*PROBLEM DESCRIPTION*
Go through the records and show each line where the word "Slip" occurs.

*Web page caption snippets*

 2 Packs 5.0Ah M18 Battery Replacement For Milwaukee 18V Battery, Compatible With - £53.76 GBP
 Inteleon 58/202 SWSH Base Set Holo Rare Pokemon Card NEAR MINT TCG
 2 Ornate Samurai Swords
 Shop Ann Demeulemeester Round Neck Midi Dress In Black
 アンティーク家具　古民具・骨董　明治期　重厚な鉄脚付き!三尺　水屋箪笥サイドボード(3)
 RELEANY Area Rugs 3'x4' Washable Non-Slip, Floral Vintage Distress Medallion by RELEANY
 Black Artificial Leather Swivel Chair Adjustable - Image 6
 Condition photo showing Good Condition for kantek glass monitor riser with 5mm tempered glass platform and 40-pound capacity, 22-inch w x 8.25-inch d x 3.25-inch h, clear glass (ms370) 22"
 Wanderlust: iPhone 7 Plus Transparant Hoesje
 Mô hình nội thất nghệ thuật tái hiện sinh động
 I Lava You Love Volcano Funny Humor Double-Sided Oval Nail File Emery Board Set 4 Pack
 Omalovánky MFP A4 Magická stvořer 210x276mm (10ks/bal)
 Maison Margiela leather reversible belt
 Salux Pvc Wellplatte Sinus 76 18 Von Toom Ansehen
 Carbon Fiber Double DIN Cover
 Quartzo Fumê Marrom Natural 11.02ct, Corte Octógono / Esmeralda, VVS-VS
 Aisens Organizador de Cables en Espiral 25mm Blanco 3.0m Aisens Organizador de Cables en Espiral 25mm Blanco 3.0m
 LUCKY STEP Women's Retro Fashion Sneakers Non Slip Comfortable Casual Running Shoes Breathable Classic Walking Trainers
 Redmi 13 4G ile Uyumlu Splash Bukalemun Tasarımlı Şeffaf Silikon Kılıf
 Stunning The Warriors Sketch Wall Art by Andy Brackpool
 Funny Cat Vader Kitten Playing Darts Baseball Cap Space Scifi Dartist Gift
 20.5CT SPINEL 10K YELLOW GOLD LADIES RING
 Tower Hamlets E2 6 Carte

*TASK OUTPUT*
 RELEANY Area Rugs 3'x4' Washable Non-Slip, Floral Vintage Distress Medallion by RELEANY
 LUCKY STEP Women's Retro Fashion Sneakers Non Slip Comfortable Casual Running Shoes Breathable Classic Walking Trainers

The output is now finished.